Economic strains on PhD programmes show the system’s foundations are fragile, says Rory Duncan

Few in UK higher education and research have any experience of leading in a period of rapidly rising inflation; and a change of prime minister and an imminent mini-budget haven’t helped to provide certainty. Delay in association to Horizon Europe means the UK is seeing declining applications to European programmes, loss of confidence among international collaborators and signs of talented people leaving for more certain shores.

This uncertainty is despite a drumbeat of government strategies in recent years. The R&D Roadmap of July 2020 signalled several major initiatives. The Innovation Strategy was published in July 2021, alongside the R&D People and Culture Strategy. The first strategy from UK Research and Innovation (UKRI), spanning five years, was published this May.

One might think that the path to the future was clear. Unfortunately, it’s not.

The R&D People and Culture Strategy says “people are at the heart of great R&D”. In an uncertain environment, what does this mean? Are we on track to the roadmap’s “bold and ambitious vision to make the UK a global science superpower”?

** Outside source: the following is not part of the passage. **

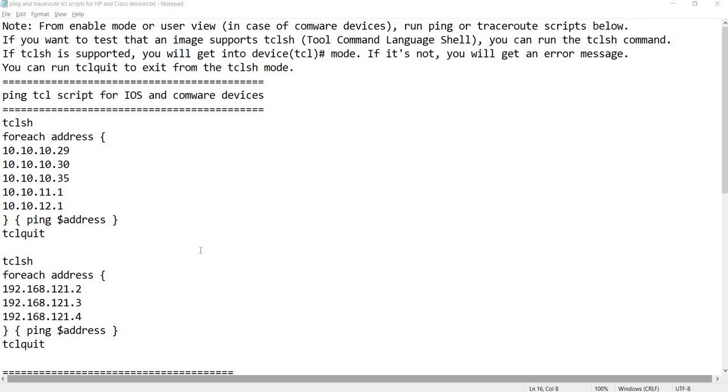In this video I'm gonna talk about TCL. TCL stands for Tool Command Language Shell.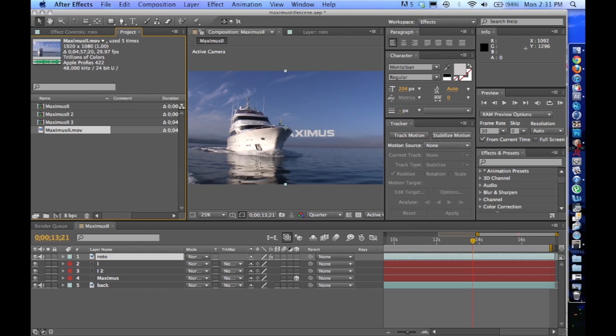Rotoscoping, for lack of a better definition, is removing the background from your footage. I'm using it to isolate an object, in this case this boat, so that I can add this title so it looks like it's actually coming from behind the boat.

As the People and Culture Strategy also notes, reaching the government’s target of spending 2.4 per cent of GDP on R&D by 2027 means adding 150,000-400,000 people to the research and innovation system. Recent history shows the scale of this challenge. Tony Blair’s government had a very similar target, aiming for 2.5 per cent of GDP, but the needle did not move, in part because the UK system was not set up to absorb the money.

Other countries’ experiences also hold lessons. Japan’s failure to invest in early career researchers has seen research programmes lose momentum and the number of PhD students halve since a peak in 2003. Between 1996 and 1998, Japan ranked fourth in the world for its share of papers that were in the top 10% of citations. By 2016-18, it had fallen to 11th.

New deal

With about 100,000 people working towards doctoral degrees, the UK has one of the largest populations of postgraduate researchers in the world. But the system is complex and rigid, with arcane rules and regulations, and is under strain. Both the R&D Roadmap and the People and Culture Strategy recognise this, committing the government to look at doctoral education from end to end, and to devise a new deal for postgraduate researchers.

About a quarter of postgraduate researchers are supported through UKRI—a huge investment of public money. A large fraction of the other three-quarters are self-funding.

UKRI recently announced an uplift in its minimum stipend, which often sets benchmarks for others. Postgraduate researchers, understandably concerned about the cost of living, welcomed the change, but it is an expensive one and—without new money from the government—could necessitate large decreases in PhD places.

Just as concerning, university finances are under pressure nationwide. I suspect that, for postgraduates not supported by UKRI, some institutions will be unable to match the uplift.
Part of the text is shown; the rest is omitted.